While in search for further AQL query optimizations last week, we found that intermediate AQL
query results were copied one time too often in some cases. Precisely, the data that a query’s
ReturnNode
will return to the caller was copied into the ReturnNode
’s own register. With
ReturnNode
s never modifying their input data, this demanded for something that is called
return-value optimization in compilers.
2.6 will now optimize away these copies in many cases, and this post shows which performance benefits can be expected due to the optimization.
The effect of the optimization can be demonstrated easily with a few simple AQL queries.
Let’s start with a query that simply returns all 100,000 documents from a collection users
:
FOR u IN users RETURN u
(the source data for the collection can be found here).
This query’s execution plan is already straight-forward and simple:
So where’s the problem?
The ReturnNode
in this query (and other queries too) will copy its input data into its own output
register, only to finally hand the results to the query’s caller. This copying is most often unnecessary
as the ReturnNode
will not modify its input. So the idea was to get rid of the copying action and
tell the query’s calling code in which (now different) register to look for the results.
Optimizing away the copying inside the ReturnNode
made the query run faster already.
The same query now returns the 100,000 documents in 0.24 to 0.26 seconds, compared to 0.27 to 0.30 s
before applying the optimization.
Returning just an attribute of each document shows about the same improvement rates.
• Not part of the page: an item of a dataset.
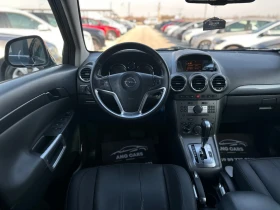 Opel Antara * 2.0CDTI* Cosmo* 4X4* 197000km* , снимка 10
The execution
times of the query FOR u IN users RETURN u._key
drop to between 0.13 and 0.14 seconds with the
optimization, from initially between 0.15 and 0.17 seconds.
Another example query, FOR i IN 1..1000000 RETURN i
, now runs in 0.58 to 0.61 seconds with
the optimization, compared to between 0.77 and 0.81 seconds without it.
These absolute figures may not look overly impressive, but they indicate relative improvements of between 10 and 25 %, which is quite nice. This is effectively saved CPU time that can now be used for something more productive.
Of course the performance improvements may not be that high for every imaginable AQL query.
Though the optimization may be active in most AQL queries, its effect will only be measurable
for queries that return a significant number of documents/values. Otherwise the share of the
ReturnNode
’s work in the query’s overall computations may be too low to have any effect.
Additionally, the more work a query spends in performing other operations (e.g. filtering,
sorting, collecting), the less relevant will be the overall effect of the optimized ReturnNode
.
Finally, when query results need to be shipped from the server to the client over a network,
the relative effect of the optimization may diminish further.
So your mileage may vary. But the optimization will not do any harm, and together with some other query optimizations already finished for 2.6 it will contribute to many AQL queries running faster than before.
AQL queries will benefit from the optimization automatically in ArangoDB 2.6, without requiring
any adjustments to the query string, the server configuration etc. The optimizer will automatically
apply the optimization for the main-level ReturnNode
of every AQL query.
On a side note: the optimization will not be shown in the list of applied optimizer rules for the query. This is because the optimization is performed in some different place in the query executor, after applying the optimizer rules.